[Supplied material — start]
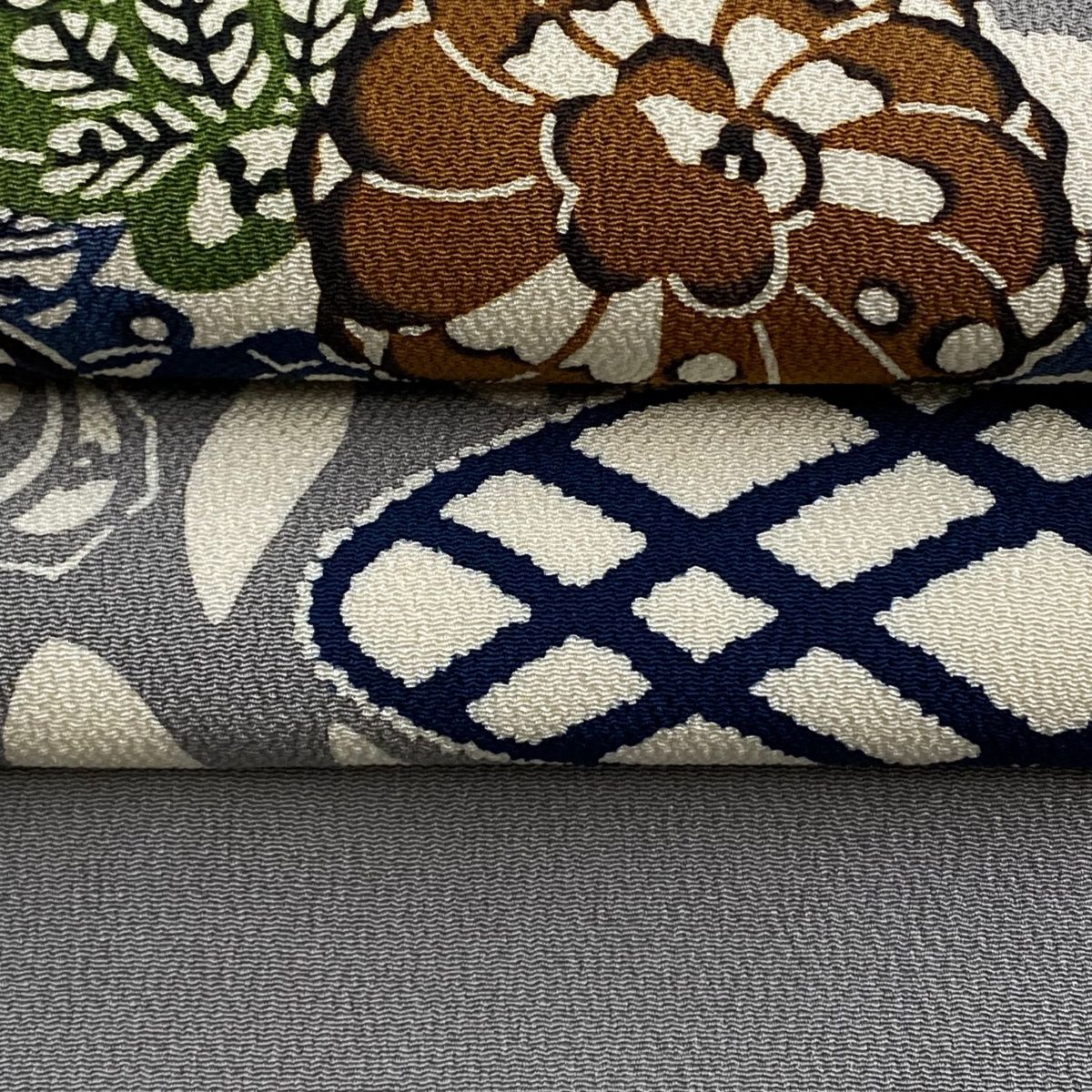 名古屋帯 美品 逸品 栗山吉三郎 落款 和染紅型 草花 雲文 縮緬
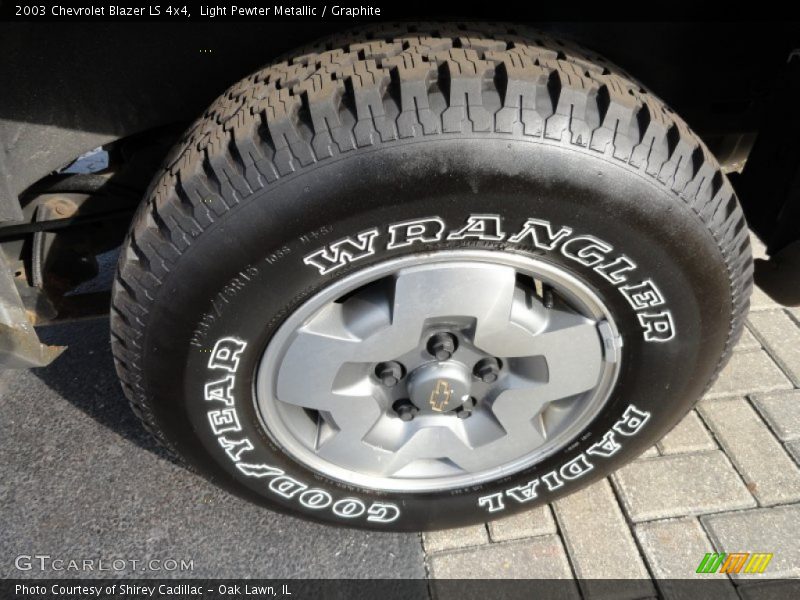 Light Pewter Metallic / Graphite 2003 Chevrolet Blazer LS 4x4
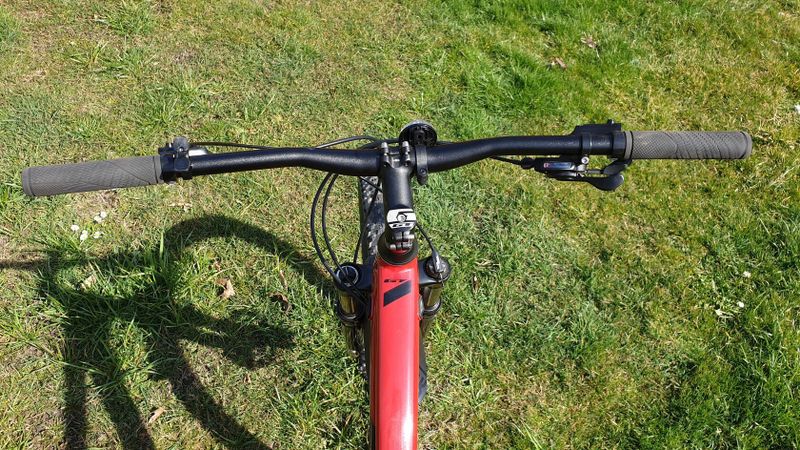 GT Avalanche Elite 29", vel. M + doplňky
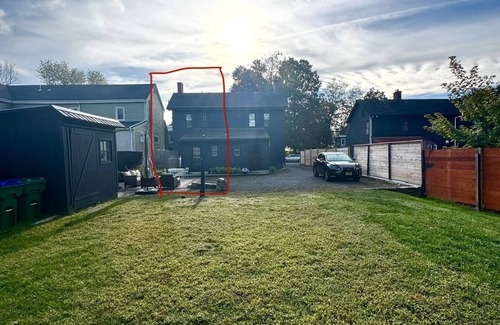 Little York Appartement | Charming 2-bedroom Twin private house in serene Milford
[Supplied material — finish]
- [Problem to solve]
Set down the material exactly, every line of it, except for the pictures.

- [Task answer]
 名古屋帯 美品 逸品 栗山吉三郎 落款 和染紅型 草花 雲文 縮緬
 Light Pewter Metallic / Graphite 2003 Chevrolet Blazer LS 4x4
 GT Avalanche Elite 29", vel. M + doplňky
 Little York Appartement | Charming 2-bedroom Twin private house in serene Milford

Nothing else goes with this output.